Exercise
Give every line of the material back exactly, images removed.

Recorded data

+++

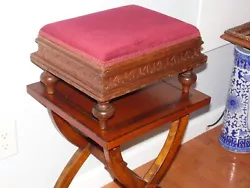 Antique Victorian Footstool Stool Ottoman with Burgundy velvet upholstered top above a solid Walnut base that has a...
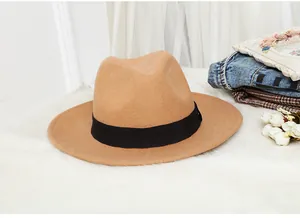 Close-up of camel wool fedora with black grosgrain ribbon on a soft faux fur surface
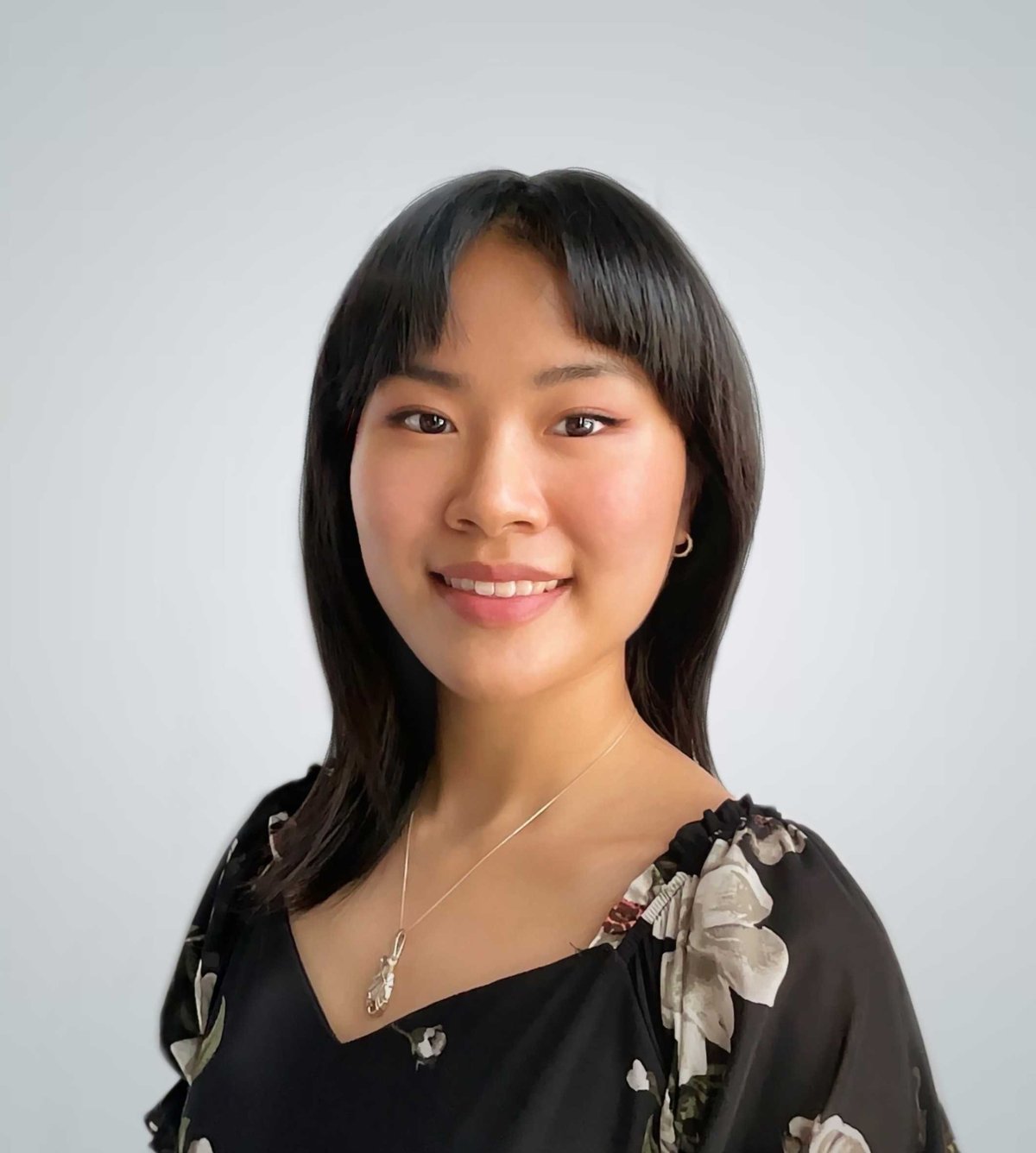 Portrait of a young woman with long black hair, bangs, and a warm smile wearing a black floral top with a pendant necklace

+++

Exercise output
 Antique Victorian Footstool Stool Ottoman with Burgundy velvet upholstered top above a solid Walnut base that has a...
 Close-up of camel wool fedora with black grosgrain ribbon on a soft faux fur surface
 Portrait of a young woman with long black hair, bangs, and a warm smile wearing a black floral top with a pendant necklace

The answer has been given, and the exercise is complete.